Task data START

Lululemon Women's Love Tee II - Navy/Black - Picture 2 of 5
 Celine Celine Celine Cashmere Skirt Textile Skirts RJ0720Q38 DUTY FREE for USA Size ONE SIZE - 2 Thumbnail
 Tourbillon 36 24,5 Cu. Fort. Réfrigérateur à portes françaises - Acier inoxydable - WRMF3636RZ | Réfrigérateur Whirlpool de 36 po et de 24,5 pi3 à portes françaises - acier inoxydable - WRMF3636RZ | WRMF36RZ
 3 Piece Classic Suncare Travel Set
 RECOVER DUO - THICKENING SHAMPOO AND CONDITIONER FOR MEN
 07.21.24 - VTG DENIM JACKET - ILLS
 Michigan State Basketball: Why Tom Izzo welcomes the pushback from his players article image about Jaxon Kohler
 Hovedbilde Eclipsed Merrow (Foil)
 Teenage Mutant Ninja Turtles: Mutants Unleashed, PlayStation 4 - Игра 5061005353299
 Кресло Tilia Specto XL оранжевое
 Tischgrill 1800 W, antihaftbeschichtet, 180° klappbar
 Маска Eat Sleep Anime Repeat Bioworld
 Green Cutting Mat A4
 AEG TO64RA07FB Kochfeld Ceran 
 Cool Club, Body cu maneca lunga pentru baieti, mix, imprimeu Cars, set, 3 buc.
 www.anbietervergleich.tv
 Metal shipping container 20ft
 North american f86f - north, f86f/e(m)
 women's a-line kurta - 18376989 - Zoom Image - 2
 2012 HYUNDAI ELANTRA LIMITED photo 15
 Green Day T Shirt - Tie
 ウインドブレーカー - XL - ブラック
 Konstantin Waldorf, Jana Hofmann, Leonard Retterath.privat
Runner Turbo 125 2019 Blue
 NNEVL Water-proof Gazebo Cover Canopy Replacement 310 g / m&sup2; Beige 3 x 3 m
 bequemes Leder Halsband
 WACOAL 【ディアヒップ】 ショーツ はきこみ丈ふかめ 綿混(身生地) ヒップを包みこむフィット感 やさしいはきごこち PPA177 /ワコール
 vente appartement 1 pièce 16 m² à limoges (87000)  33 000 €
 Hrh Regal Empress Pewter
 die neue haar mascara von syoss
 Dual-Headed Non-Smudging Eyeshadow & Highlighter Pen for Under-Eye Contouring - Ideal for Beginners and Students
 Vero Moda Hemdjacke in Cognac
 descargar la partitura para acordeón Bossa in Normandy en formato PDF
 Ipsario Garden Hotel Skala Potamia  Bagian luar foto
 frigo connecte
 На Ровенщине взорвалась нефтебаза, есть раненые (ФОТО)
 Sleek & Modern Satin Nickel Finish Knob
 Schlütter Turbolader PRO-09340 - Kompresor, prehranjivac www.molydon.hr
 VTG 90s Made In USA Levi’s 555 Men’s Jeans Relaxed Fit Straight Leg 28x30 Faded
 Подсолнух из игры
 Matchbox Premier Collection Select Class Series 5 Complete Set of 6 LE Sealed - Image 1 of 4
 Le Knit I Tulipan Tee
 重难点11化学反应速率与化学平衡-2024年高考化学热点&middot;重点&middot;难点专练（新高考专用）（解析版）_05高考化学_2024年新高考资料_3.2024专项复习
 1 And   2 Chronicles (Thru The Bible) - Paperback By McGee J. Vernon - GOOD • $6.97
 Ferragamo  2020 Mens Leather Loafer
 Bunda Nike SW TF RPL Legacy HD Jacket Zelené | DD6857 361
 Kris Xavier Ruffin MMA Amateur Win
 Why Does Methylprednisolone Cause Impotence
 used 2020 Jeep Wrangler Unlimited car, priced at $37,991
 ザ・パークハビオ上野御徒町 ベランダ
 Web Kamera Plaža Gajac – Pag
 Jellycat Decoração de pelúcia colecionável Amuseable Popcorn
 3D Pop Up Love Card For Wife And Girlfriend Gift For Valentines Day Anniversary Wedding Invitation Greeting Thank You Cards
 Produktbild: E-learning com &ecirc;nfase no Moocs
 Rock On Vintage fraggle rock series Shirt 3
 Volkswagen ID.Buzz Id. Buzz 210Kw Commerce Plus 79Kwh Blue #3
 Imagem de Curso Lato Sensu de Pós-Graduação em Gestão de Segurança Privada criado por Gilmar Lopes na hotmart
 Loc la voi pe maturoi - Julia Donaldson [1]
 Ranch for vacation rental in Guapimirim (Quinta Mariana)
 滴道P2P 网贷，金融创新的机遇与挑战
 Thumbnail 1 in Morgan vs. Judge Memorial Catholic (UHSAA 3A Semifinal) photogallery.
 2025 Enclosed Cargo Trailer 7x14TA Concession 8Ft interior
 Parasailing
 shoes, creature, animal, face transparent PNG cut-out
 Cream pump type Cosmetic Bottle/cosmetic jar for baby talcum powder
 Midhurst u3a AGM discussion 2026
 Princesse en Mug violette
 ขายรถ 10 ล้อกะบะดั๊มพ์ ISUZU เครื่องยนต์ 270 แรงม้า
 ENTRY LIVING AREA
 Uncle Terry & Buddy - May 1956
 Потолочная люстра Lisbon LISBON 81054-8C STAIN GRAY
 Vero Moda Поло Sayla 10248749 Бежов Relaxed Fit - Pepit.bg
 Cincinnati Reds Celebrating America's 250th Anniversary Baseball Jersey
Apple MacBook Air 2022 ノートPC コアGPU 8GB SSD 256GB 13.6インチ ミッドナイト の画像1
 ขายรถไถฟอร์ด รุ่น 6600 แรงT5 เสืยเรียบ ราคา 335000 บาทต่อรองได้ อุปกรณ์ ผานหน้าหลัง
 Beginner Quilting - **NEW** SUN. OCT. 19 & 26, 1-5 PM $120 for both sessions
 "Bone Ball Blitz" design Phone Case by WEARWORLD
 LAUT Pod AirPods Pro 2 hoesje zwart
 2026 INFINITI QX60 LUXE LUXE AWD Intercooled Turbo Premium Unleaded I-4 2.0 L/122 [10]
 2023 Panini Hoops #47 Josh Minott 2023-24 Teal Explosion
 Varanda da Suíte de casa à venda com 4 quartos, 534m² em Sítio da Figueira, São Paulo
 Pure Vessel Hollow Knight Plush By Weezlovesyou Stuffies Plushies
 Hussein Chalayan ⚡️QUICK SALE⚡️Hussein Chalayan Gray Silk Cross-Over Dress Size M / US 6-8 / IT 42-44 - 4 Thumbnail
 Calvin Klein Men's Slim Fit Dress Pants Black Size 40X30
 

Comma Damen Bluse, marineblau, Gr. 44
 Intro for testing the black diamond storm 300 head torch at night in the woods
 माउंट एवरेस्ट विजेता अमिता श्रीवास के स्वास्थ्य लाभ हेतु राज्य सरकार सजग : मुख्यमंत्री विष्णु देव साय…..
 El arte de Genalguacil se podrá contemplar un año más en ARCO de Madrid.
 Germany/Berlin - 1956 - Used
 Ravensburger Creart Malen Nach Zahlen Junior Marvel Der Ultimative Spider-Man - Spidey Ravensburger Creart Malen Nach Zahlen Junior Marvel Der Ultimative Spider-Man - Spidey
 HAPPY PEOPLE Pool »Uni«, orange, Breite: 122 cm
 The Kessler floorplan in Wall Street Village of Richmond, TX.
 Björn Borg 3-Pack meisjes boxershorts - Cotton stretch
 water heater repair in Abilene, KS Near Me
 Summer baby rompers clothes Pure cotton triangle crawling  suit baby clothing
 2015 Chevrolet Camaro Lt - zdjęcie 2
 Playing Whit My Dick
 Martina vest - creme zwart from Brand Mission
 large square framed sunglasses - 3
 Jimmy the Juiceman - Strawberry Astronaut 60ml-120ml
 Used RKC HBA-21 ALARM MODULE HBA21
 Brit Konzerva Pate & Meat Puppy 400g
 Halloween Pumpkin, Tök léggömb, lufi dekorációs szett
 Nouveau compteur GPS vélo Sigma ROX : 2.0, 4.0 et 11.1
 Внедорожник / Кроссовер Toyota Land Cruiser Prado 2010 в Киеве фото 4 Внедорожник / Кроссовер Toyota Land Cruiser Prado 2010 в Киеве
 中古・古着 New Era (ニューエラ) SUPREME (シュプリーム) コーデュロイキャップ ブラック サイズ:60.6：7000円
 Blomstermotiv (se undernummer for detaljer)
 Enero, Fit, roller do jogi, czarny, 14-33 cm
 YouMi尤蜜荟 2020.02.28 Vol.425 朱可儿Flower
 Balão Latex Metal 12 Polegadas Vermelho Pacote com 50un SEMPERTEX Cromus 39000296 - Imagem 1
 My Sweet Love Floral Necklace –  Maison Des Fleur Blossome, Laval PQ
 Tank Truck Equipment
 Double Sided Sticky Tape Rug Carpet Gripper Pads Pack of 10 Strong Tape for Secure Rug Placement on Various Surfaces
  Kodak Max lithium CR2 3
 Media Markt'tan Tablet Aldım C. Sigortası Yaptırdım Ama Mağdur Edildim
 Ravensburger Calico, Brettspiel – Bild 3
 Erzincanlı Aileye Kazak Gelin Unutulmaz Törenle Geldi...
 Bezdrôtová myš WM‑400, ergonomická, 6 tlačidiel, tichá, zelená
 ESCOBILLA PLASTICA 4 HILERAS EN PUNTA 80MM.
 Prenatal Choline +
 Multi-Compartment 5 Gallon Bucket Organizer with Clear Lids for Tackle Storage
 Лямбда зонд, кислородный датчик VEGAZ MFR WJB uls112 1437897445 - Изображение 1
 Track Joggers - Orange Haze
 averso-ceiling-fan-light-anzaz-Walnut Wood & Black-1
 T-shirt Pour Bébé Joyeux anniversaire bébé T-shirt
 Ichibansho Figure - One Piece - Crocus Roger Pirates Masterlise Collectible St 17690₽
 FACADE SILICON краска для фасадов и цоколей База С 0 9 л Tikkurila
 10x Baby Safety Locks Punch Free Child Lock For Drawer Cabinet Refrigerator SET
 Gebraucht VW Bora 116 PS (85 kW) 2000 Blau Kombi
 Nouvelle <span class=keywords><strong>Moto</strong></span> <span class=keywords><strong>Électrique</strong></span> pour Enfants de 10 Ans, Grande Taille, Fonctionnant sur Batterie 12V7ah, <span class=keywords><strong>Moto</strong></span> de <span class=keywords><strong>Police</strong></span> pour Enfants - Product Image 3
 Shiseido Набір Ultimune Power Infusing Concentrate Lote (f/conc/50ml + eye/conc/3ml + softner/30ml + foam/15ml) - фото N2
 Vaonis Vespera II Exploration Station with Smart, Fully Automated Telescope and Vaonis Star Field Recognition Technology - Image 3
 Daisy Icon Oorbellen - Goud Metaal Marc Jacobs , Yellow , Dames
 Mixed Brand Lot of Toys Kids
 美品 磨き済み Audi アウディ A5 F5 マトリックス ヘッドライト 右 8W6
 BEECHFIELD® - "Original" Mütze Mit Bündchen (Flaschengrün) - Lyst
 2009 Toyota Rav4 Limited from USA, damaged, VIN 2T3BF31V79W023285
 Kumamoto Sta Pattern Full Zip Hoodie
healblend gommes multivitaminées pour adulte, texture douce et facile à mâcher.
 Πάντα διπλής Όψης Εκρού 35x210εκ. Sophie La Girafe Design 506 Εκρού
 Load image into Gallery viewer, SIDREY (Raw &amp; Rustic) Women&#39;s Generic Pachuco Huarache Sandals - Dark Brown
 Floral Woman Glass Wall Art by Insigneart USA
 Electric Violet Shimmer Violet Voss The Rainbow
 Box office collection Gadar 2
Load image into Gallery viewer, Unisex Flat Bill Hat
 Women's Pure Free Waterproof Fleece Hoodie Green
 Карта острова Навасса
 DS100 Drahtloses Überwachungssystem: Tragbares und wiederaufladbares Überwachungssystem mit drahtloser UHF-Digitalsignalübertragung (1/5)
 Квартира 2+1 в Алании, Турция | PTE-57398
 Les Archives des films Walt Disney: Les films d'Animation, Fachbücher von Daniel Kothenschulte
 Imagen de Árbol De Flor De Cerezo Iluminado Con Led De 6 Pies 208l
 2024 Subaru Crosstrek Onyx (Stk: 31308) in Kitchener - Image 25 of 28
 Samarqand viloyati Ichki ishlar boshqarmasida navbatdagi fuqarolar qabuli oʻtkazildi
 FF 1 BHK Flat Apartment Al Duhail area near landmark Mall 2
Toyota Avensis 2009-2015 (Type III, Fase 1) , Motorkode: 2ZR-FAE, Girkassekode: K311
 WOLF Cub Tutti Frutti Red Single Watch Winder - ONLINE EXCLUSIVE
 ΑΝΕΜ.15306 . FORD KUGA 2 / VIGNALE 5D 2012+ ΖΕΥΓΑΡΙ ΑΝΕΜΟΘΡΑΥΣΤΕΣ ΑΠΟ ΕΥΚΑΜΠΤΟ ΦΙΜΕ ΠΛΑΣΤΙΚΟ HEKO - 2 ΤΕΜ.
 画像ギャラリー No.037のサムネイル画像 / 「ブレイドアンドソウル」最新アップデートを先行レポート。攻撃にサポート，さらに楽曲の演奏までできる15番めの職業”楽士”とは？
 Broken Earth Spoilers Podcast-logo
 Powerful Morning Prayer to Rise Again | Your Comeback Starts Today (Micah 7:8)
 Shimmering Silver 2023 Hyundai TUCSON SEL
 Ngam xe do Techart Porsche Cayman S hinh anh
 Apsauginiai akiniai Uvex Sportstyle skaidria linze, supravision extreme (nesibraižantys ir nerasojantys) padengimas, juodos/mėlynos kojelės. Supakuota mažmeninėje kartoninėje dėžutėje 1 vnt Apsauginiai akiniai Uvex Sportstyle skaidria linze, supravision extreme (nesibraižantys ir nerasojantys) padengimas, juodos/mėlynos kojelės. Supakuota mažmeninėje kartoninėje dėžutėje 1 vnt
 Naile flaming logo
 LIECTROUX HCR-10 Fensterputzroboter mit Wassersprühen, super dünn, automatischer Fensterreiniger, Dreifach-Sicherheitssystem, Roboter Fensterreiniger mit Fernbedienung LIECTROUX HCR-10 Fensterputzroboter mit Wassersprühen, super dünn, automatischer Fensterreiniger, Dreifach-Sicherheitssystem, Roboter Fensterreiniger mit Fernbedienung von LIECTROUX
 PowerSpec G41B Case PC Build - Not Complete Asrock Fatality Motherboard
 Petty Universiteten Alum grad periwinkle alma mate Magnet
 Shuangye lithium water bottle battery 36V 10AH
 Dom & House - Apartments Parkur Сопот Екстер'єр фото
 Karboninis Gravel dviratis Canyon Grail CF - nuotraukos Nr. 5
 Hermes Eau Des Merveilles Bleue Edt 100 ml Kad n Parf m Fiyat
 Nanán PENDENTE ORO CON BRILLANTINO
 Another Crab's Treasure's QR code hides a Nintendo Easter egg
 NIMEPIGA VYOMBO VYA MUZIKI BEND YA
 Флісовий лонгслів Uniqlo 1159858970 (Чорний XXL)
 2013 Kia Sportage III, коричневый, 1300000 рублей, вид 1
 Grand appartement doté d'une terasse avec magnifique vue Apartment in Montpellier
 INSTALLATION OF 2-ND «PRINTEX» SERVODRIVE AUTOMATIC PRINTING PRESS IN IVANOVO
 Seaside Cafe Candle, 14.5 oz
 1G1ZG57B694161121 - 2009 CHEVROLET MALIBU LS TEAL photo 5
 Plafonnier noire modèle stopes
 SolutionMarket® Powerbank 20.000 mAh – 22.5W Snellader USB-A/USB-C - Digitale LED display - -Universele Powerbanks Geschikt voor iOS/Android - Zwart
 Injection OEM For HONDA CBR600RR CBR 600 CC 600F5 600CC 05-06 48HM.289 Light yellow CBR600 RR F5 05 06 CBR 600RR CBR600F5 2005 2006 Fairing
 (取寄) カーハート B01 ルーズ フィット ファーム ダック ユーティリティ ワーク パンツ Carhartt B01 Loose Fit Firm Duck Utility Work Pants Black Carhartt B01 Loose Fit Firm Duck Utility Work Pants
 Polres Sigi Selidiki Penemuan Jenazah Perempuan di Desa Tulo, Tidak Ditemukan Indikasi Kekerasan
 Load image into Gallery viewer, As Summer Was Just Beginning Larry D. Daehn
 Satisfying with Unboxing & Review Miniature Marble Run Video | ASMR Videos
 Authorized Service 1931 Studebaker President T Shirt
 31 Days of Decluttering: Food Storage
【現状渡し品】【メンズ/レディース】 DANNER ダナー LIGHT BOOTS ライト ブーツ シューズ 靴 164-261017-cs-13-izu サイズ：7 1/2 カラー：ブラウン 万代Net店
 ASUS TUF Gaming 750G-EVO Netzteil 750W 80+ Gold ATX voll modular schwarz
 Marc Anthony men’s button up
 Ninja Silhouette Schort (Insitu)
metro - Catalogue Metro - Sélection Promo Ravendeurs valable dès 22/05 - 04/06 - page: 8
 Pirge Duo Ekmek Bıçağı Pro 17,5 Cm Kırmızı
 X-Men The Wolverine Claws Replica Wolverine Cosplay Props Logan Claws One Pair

Task data END

**Task prompt**
Take the entries above and return only the lines from the one with "3 Piece Classic Suncare Travel Set" to the one with "Dual-Headed Non-Smudging Eyeshadow", both included, unchanged.

**Solved exercise**
 3 Piece Classic Suncare Travel Set
 RECOVER DUO - THICKENING SHAMPOO AND CONDITIONER FOR MEN
 07.21.24 - VTG DENIM JACKET - ILLS
 Michigan State Basketball: Why Tom Izzo welcomes the pushback from his players article image about Jaxon Kohler
 Hovedbilde Eclipsed Merrow (Foil)
 Teenage Mutant Ninja Turtles: Mutants Unleashed, PlayStation 4 - Игра 5061005353299
 Кресло Tilia Specto XL оранжевое
 Tischgrill 1800 W, antihaftbeschichtet, 180° klappbar
 Маска Eat Sleep Anime Repeat Bioworld
 Green Cutting Mat A4
 AEG TO64RA07FB Kochfeld Ceran 
 Cool Club, Body cu maneca lunga pentru baieti, mix, imprimeu Cars, set, 3 buc.
 www.anbietervergleich.tv
 Metal shipping container 20ft
 North american f86f - north, f86f/e(m)
 women's a-line kurta - 18376989 - Zoom Image - 2
 2012 HYUNDAI ELANTRA LIMITED photo 15
 Green Day T Shirt - Tie
 ウインドブレーカー - XL - ブラック
 Konstantin Waldorf, Jana Hofmann, Leonard Retterath.privat
Runner Turbo 125 2019 Blue
 NNEVL Water-proof Gazebo Cover Canopy Replacement 310 g / m&sup2; Beige 3 x 3 m
 bequemes Leder Halsband
 WACOAL 【ディアヒップ】 ショーツ はきこみ丈ふかめ 綿混(身生地) ヒップを包みこむフィット感 やさしいはきごこち PPA177 /ワコール
 vente appartement 1 pièce 16 m² à limoges (87000)  33 000 €
 Hrh Regal Empress Pewter
 die neue haar mascara von syoss
 Dual-Headed Non-Smudging Eyeshadow & Highlighter Pen for Under-Eye Contouring - Ideal for Beginners and Students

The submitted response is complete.